Using the data below, output a verbatim copy of the lines between the one holding "Лампа светодиодная GAUSS" and the one holding "thumbnail image 1", inclusive, without any pictures.
DATASET EXTRACT Start Marker
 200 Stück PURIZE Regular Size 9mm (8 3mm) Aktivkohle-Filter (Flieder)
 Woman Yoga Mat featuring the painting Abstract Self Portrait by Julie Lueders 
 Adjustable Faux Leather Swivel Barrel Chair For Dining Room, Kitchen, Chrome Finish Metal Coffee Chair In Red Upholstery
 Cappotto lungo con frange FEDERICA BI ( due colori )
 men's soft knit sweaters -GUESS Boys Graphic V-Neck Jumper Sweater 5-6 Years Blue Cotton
DATASET EXTRACT End Marker
DATASET EXTRACT Start Marker
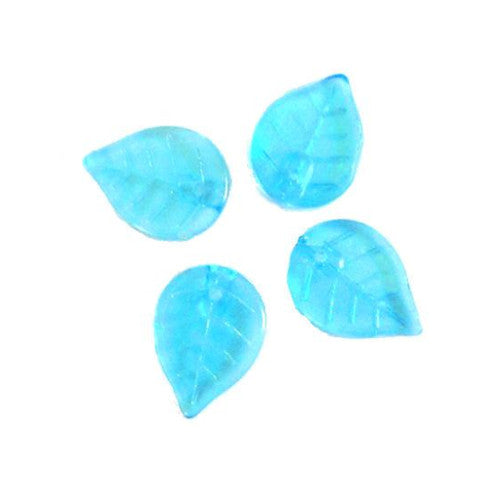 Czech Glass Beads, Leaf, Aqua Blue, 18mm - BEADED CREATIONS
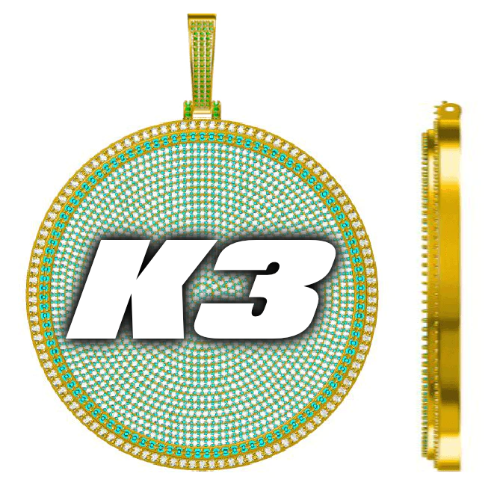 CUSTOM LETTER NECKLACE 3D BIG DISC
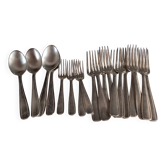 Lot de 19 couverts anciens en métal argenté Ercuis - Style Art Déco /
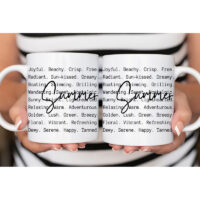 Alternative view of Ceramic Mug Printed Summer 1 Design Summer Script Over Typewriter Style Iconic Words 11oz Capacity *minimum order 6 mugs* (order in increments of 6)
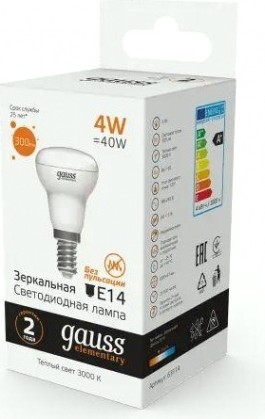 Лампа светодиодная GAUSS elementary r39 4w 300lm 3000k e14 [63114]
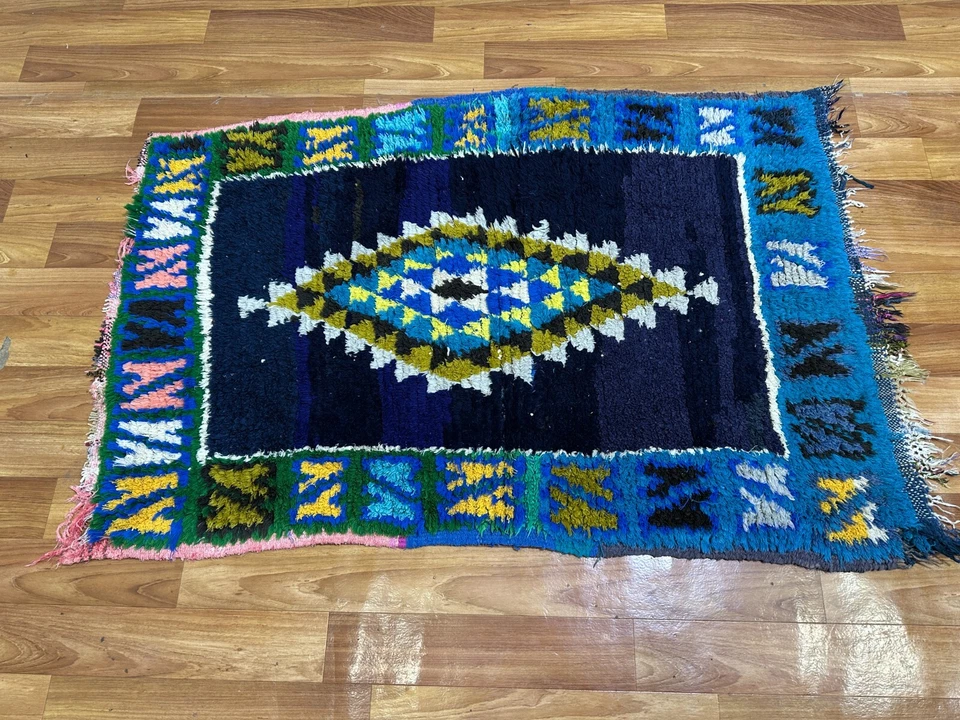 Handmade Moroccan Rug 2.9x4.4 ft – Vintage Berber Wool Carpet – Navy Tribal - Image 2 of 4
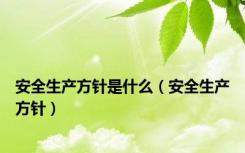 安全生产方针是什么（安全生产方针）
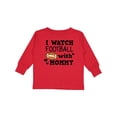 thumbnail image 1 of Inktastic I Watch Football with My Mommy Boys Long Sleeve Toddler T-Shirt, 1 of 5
DATASET EXTRACT End Marker
*RESPONSE AREA*:
 Лампа светодиодная GAUSS elementary r39 4w 300lm 3000k e14 [63114]
 Handmade Moroccan Rug 2.9x4.4 ft – Vintage Berber Wool Carpet – Navy Tribal - Image 2 of 4
 安全生产方针是什么（安全生产方针）
 thumbnail image 1 of Inktastic I Watch Football with My Mommy Boys Long Sleeve Toddler T-Shirt, 1 of 5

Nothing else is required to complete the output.